He rushed to the door like a whirlwind and, poor idiot, went out of Paradise.
Saint Peter quickly closed the door and locked it, then putting his head out of the grating:
“Well, Jarjaye,” he called jeeringly, “how do you find yourself now?”
“Oh, it doesn’t matter,” replied Jarjaye. “If they had really been cattle I should not have regretted my place in Paradise!”
And so saying he plunged, head foremost, into the abyss.
(Almanach Provençal, 1864.)
THE FROG OF NARBONNE
I
Young Pignolet, journeyman carpenter, nicknamed the “Flower of Grasse,” one afternoon in the month of June returned in high spirits from making his tour of France.

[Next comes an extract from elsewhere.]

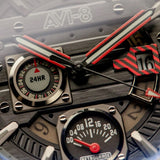 AVI-8 Watch Hawker Harrier Farley Multifunction | Genuine Leather Strap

The heat was overpowering. In his hand he carried his stick furbished with ribbons, and in a packet on his back his implements (chisels, plane, mallet) folded in his working-apron. Pignolet climbed the wide road of Grasse by which he had descended when he departed some three or four years before. On his way, according to the custom of the Companions of the Guild of Duty, he stopped at “Sainte-Baume” the tomb of Master Jacques, founder of the Association. After inscribing his surname on a rock, he descended to Saint-Maximin, to pay his respects and take his colours from Master Fabre, he who inaugurates the Sons of Duty. Then, proud as Cæsar, his kerchief on his neck, his hat smart with a bunch of many-coloured ribbons, and hanging from his ears two little compasses in silver, he valiantly strode on through a cloud of dust, which powdered him from head to foot.
What a heat! Now and again he looked at the fig-trees to see if there was any fruit, but they were not yet ripe. The lizards gaped in the scorched grass, and the foolish grasshopper, on the dusty olives, the bushes and long grass, sang madly in the blazing sun.